TASK: Could you restate word for word every line from the one containing "Geometric Gradient Print" to the end of the data below, pictures excluded?

SUPPLIED INFORMATION:
⁂

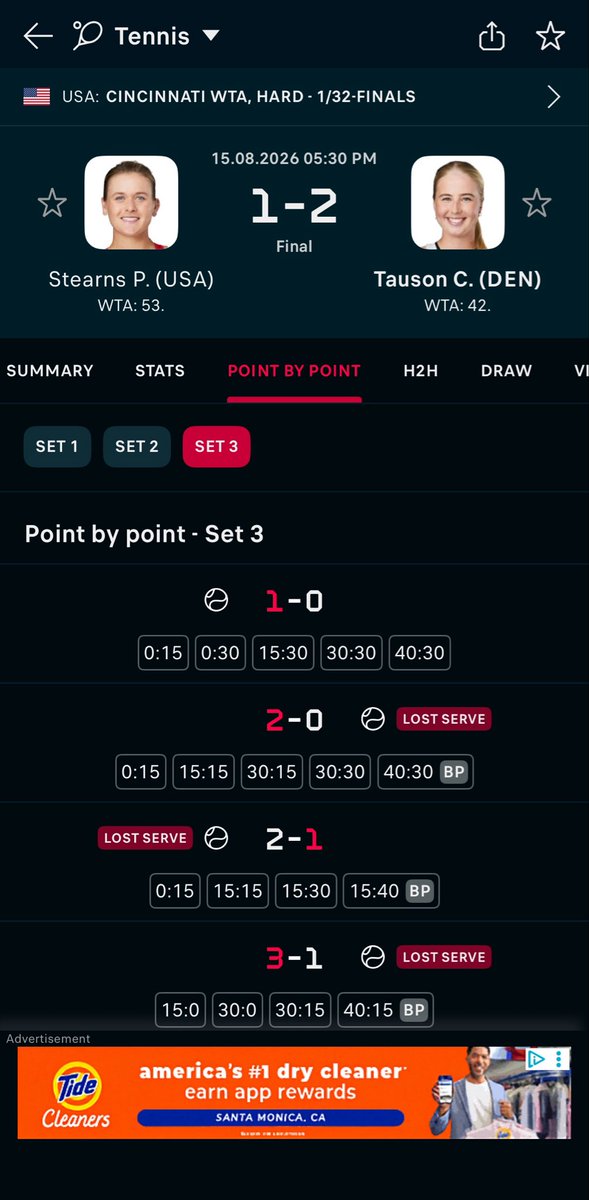 E11ven__'s tweet photo. Tauson down 4-1 in the 3 set to come back what a match to watch, tauson like that !!!!! 🎾🧪 https://t.co/mh73vEFmJD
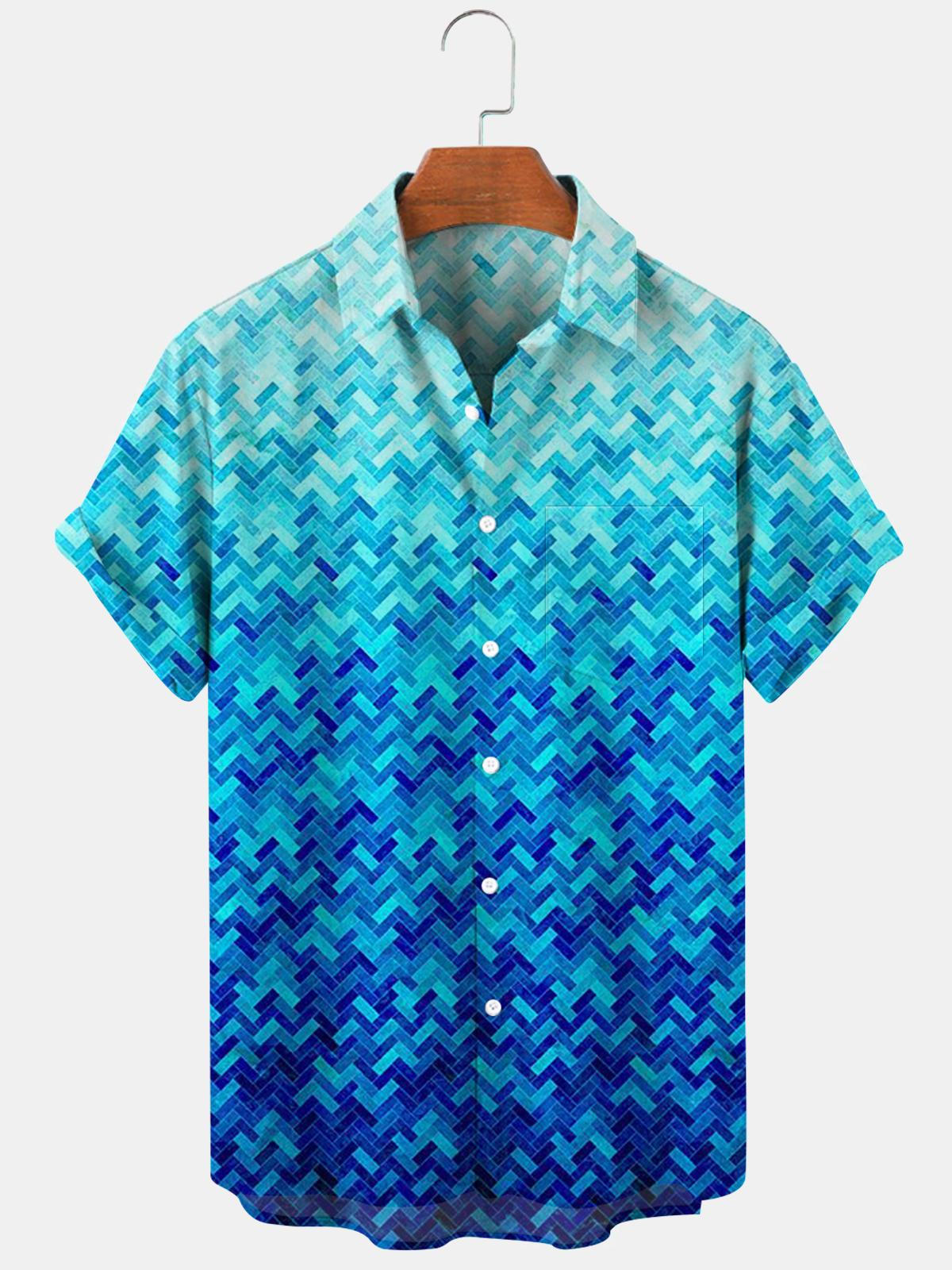 Geometric Gradient Print Short Sleeve Men's Shirts With Pocket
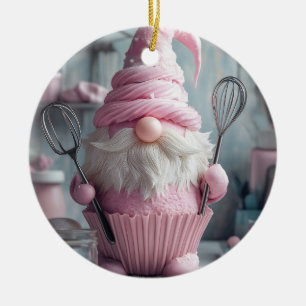 Ornamento De Cerâmica Cupcake Gnomo Rosa Adorável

⁂

WRITTEN SOLUTION:
 Geometric Gradient Print Short Sleeve Men's Shirts With Pocket
 Ornamento De Cerâmica Cupcake Gnomo Rosa Adorável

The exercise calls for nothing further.